Background technology
The functional polymer application in biomedical sector, particularly fluorescence polymer have caused domestic and international scientific worker's close attention in the research aspect analysis, the detection of biological macromole, and this research direction is the research focus of front line science in the world.Some small molecules optical dyes such as acridine, phenanthridines class dyestuff, cyanine type dye, resorcinolphthalein and rhodamine class dyestuff, Sai Qin He oxazine class dyestuff etc. are to use wider nucleic acid fluorescent probe at present; These simple optical dyes can not specific recognition to the sequence of nucleic acid molecule, belongs to nonspecific small molecules probe.In order to overcome above-mentioned deficiency; The scientific worker is attached to fluorophor on the strand nucleic acid oligomer molecule through covalent linkage; This fluorescently-labeled molecular probe can only form the multiple chain of hydridization through the Watson-Crick base pairing rules with base sequence complementary nucleic acid molecule; Fluorescence property generation significant change before and after the target hydridization, thus realized fluorescent probe specific recognition nucleic acid molecule.At present, the scientific worker has carried out extensive work to the correlative study of marking type fluorescent probe and specific recognition DNA/RNA nucleic acid molecule thereof.Result of study shows: the shortcoming that the marking type fluorescent probe detects nucleic acid molecule is: the introducing of fluorophor can reduce the thermostability of fluorescent probe and targeted molecular heteroduplex, thereby can reduce the accuracy of detection of fluorescent probe; This marking type fluorescent probe need be attached to fluorophor on the nucleic acid oligomer molecular chain realizing the specific recognition nucleic acid molecule through covalent linkage, and wherein synthetic more numerous and diverse with operation.

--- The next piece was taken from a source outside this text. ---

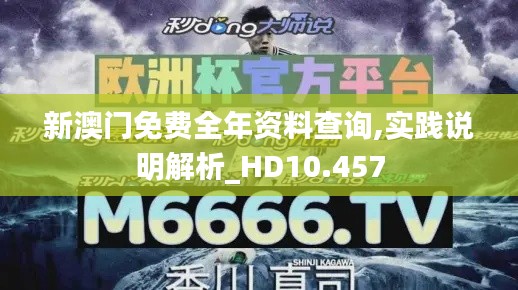 新澳门免费全年资料查询,实践说明解析_HD10.457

In recent years, fluorescent polymer detected extremely people's the favor of research work of biomacromolecules such as protein, DNA/RNA as fluorescent probe, had also obtained many important achievements simultaneously.Fluorescent polymer normally is made up of oil loving main polymer chain and the side chain that contains fluorophor and hydrophilic radical.This fluorescent polymer can combine with biomacromolecule through electrostatic interaction; Can cause the optical property of this fluorescence polymer to change through FRET FRET or transfer transport, the variation of analyte induced fluorescence macromolecule aggregating state structure, analyte induced fluorescence polymer conformational change etc., and then biomacromolecule is detected.This fluorescent polymer has overcome shortcomings such as the preparation of non-specific identification and mark property fluorescent probe of small molecules fluorescent probe is numerous and diverse, for a kind of new testing method has been opened up in the macromolecular detection of biology.
Summary of the invention
The object of the present invention is to provide a kind of compound method simple, in the aqueous solution and organic solvent, all can dissolve, and contain the multipolymer of the higher pyrene fluorophor of fluorescence quantum yield.
A kind of method of utilizing vinylformic acid pyrene methyl esters to prepare water solubility copolymer is characterized in that: generate vinylformic acid pyrene methyl esters with pyrene methyl alcohol and acrylate chloride through esterification; Then, again vinylformic acid pyrene methyl esters and dimethylaminoethyl methacrylate are generated this water miscible fluorescence multipolymer through copolyreaction.Compound method is simple, and used polymeric materials dimethylaminoethyl methacrylate, this polymeric materials be with temperature and pH responsiveness, and better biocompatibility is arranged; Introduced higher pyrene fluorophor and the hydrophilic amine groups of fluorescence quantum yield on the side chain of polymkeric substance, made the synthetic polyelectrolyte have fluorescence and water-soluble.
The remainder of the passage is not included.